Please let me know in case I am doing anything wrong.

I see that the rejected execution exception is due to search threadpool queue exceeding 1000. What kind of queries are running through the system?

Hi @Srinath_C,

There are three types of queries.

  1. Search query (through java client)
  2. Delete query(through elasticsearch, mark records of elasticsearch to delete)
  3. Insert query(Through scheduler)

I forgot to mention that there is one more scheduler, which runs every 5 hour and delete records from elasticsearch.

Below is the river configuration for deleting records from elasticsearch,

curl -XPUT 'http://XX.XXX.XXX.XX:9200/_river/delete_blklist_jdbc_river/_meta' -d '{
"type":"jdbc",
"jdbc":{
"strategy":"simple",
"schedule":"0 0 0/5 * * ?",
"autocommit":true,
"driver":"com.mysql.jdbc.Driver",
"url":"jdbc:mysql://XX.XXX.XXX.XX:3306/KA",
"user":"XXXX",
"password":"XXXXXX",
"maxbulkactions":5000,
"maxconcurrrentbulkactions":1,
"sql":"select id as "_id", "delete" as "_optype", "blks" as "_index", "blk" as "_type" from deleted_id_table"
}
}'

The message

org.elasticsearch.common.util.concurrent.EsRejectedExecutionException: rejected execution (queue capacity 1000) on org.elasticsearch.search.action.SearchServiceTransportAction$23@220dbcbd

is not directly related to JDBC river, because JDBC river does not execute search requests at all.
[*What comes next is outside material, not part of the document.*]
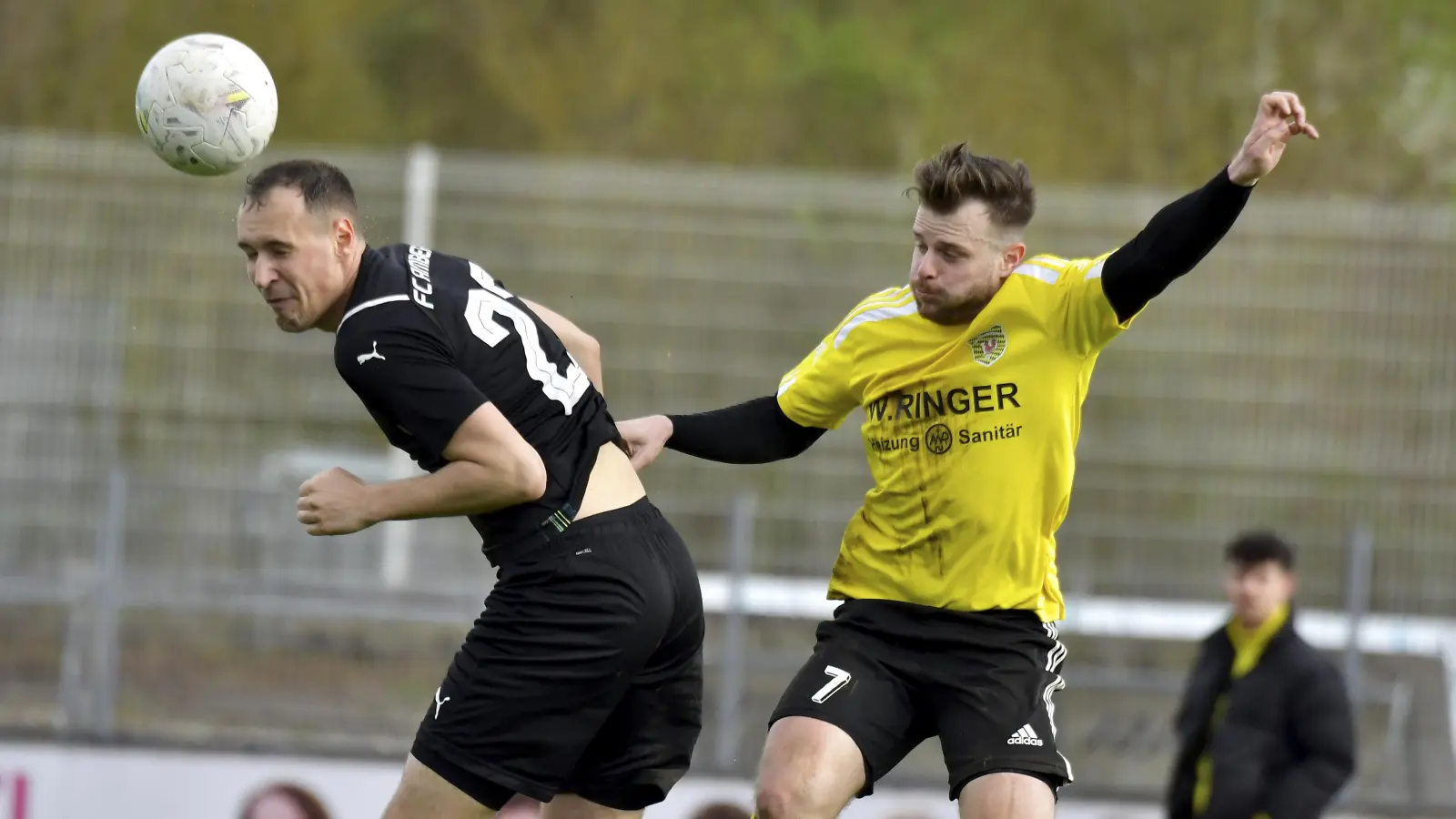 Tobias Götz (links) und seine Teamkollegen vom FC Amberg testen am Samstag gegen die DJK Gebenbach. (Archivbild: Hubert Ziegler)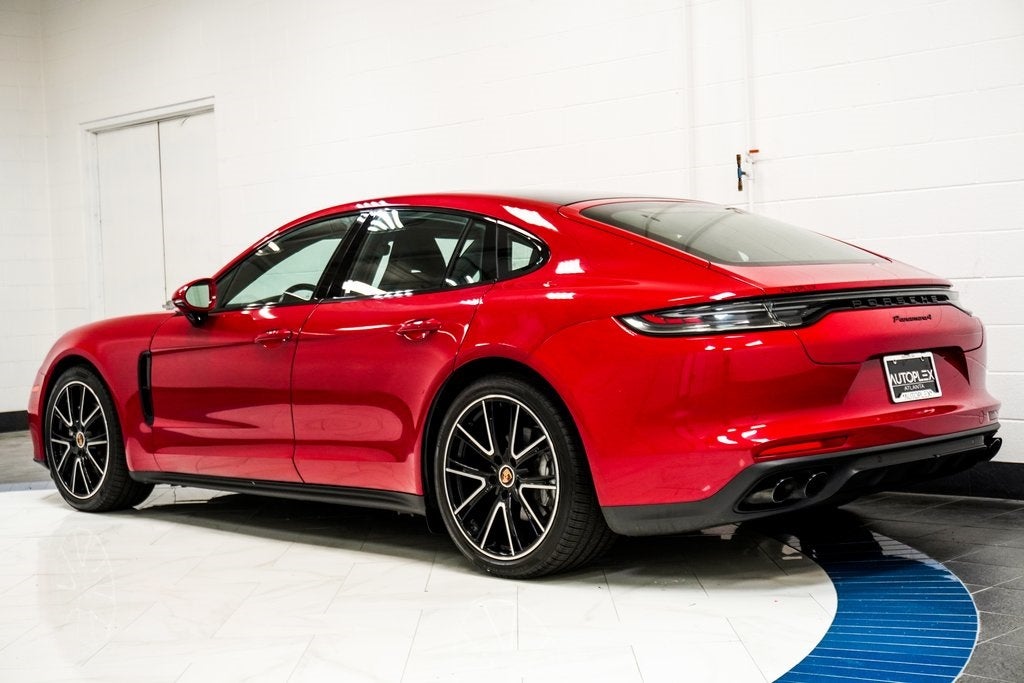 2022 Porsche Panamera 4 Platinum Edition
You should find out who is continuing to send search requests to your cluster. Also, you have to find if the search requests responded with useful results in reasonable time, or if they time out. If they time out, search requests can fill up the search queue quite soon, within seconds, even when the size is 1000. Most probably, cluster state has switched, or search can not continue due to cluster or index blocks, or other incidents.

Hi @jprante,

Thanks for your answer. I will try to find out the root cause.
Is there any way to recover from such type of exception?

Thanks,
Sohil

Hi,

I have identified and stopped the one who was continuously sending the search request.
After that I have rebuild the elasticsearch index, but after two days I started getting the same exception.
Here is the output of cluster and index status http://pastebin.com/c56wZmEf
It will be great if someone can help me to resolve this.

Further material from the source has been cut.